You could solve this by either not using *, but naming the needed three columns or adding the extra two columns to your output dataset before the recipe is executed.
I'm having the exact same problem, but I'm completely new to Dataiku (although not SQL), so I'm having a bit of trouble understanding what you mean by explicitly naming the three columns/adding the extra two. Maybe these screenshots of the recipe might help?
I do not know if this is the problem you are having here.
Using PostgreSQL, I have run into problems where the combined length of the database, table names, and field names appear to get too long.
Making changes to shorten names has helped me resolve things in the past.
Did Tom's hint worked for you @wsheriff ?
If it didn't, is this error happening while editing a 'Join' recipe that you have created in the past? Or it happens right away when you try to run the Join recipe for the first time?
If is the first, you are editing an old Recipe, and/or the inputs schema changed, you are going to see this kind of error. What I usually do in that case is to drop any previous 'output dataset' data and clean the schema, so the next time you run the Recipe the output dataset schema is recreated again.
@Ignacio_Toledo @tgb417 It happens when I run the recipe for the first time. For this project, we're given pretty detailed step-by-step directions for accessing the datasets and creating recipes, since it's only supposed to introduce us to Dataiku. Shortening the field names didn't seem to fix it, and I'm not quite sure how to edit table names if they were already imported when I started. Is there any way I could share the project with you or go over it live on Zoom to make it more convenient for you? Posting screenshots to a forum just seems a bit time-consuming, and I'm trying to finish this project somewhat soon...
Were you given these "pretty detailed step-by-step directions for accessing the datasets" by an IT team or an instructor or someone like that?
Are other folks actually able to get to the data you are trying to work with?
If so, I would like to invite you to go to the folks who made the instructions available, or others who have successfully gotten access to this data. They are both more likely to be able to fix a problem if one exists and have more detailed specific knowledge that we might have here in the Dataiku community.
Let us know how this goes.
@tgb417 has a nice suggestion I believe! But if you would need some live meeting to go through the project, I think I could do that.
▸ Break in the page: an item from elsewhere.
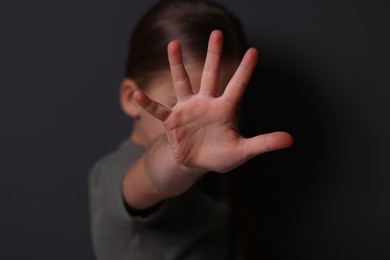 Photo of Child abuse. Girl making stop gesture near grey wall, selective focus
Just to let you know: I do have some expertise with DSS (around 2 years using it already) but I'm not part of Dataiku, just trying to help!
@tgb417 @Ignacio_Toledo I actually got the whole project from GE through a data analytics virtual internship program (you can view it / register here: https://www.insidesherpa.com/virtual-internships), and from the emails they've sent me, there were thousands of people who registered for it, so all they have is a box to submit questions (which I did the day before coming to this forum). The page also referred me to this community if I needed help, and I was glad to see the original question was the same error on the same step that I was on. If you'd like to try it yourselves, it should only take about a half hour to get to the point I'm at, but I feel like the issue is pretty simple, so any one-on-one help would be greatly appreciated! Thanks again guys!
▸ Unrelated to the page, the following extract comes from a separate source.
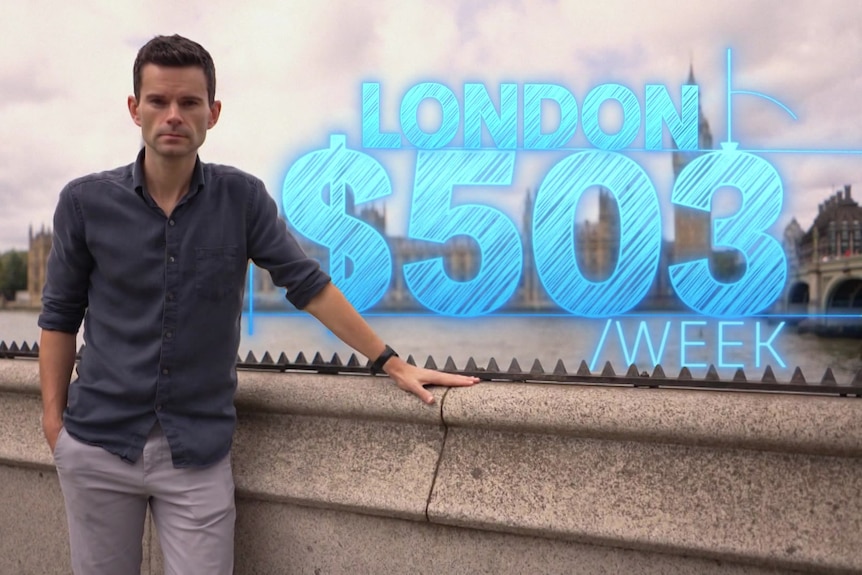 reporter nick dole next to a sign that reads London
Thanks @tgb417 as you mentioned before any questions that can best be answered by the program's admin if you do not know the answer so just re-affirming that.
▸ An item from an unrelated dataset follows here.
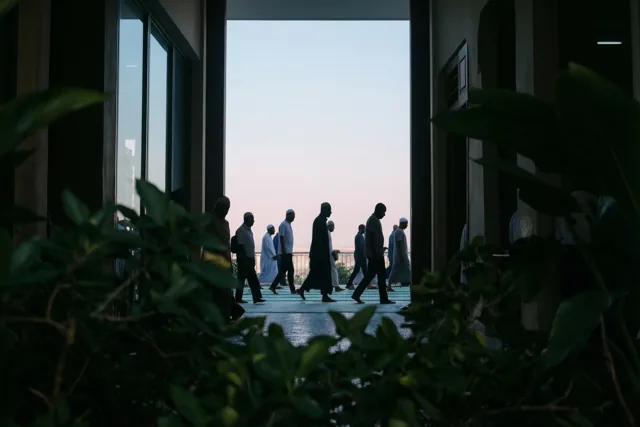 Silhouetten van mannen lopen achter elkaar naar een lichte opening onder een bleke hemel, met donker gebladerte op de voorgrond.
I did a little bit of looking on my own. It does appear that the PostgreSQL version of the table av_engine_data_aic is missing data and the table av_lkp_airport_codes_t does not match the provided data dictionary.
On the files system of the server being used in this case are more complete versions of the data that seem to get more of the first project done.
That said, putting in a well-worded support question explaining the problems you have found and the actions you have taken to try to resolve the issue is likely the best next step for you.
Having data problems is a somewhat normal part of a data science project and a well worded professional query about this issue is likely to put you in a good place for this internship.
Let me know how things go for you.
I did the same thing, in my test only 6 of the needed 8 table were available to the instance of DSS that GE makes available. They do provide two ways to get to the data. One from a PostgreSQL database, the other from server file system. I was able to find maybe ok version of all tables. 6 out of PostgreSQL and two from the file system. However, I'm still seeing problems.
@wsheriff , I sent you a direct message. I agree with Ignacio. Time to reach out to the folks at GE. If there are here in the states as I expect you are not likely to hear from them until Tuesday. Monday 9/7 is a holiday here in the states.
When I tried to connect to the system just now the DSS instance GE is providing appears to be down.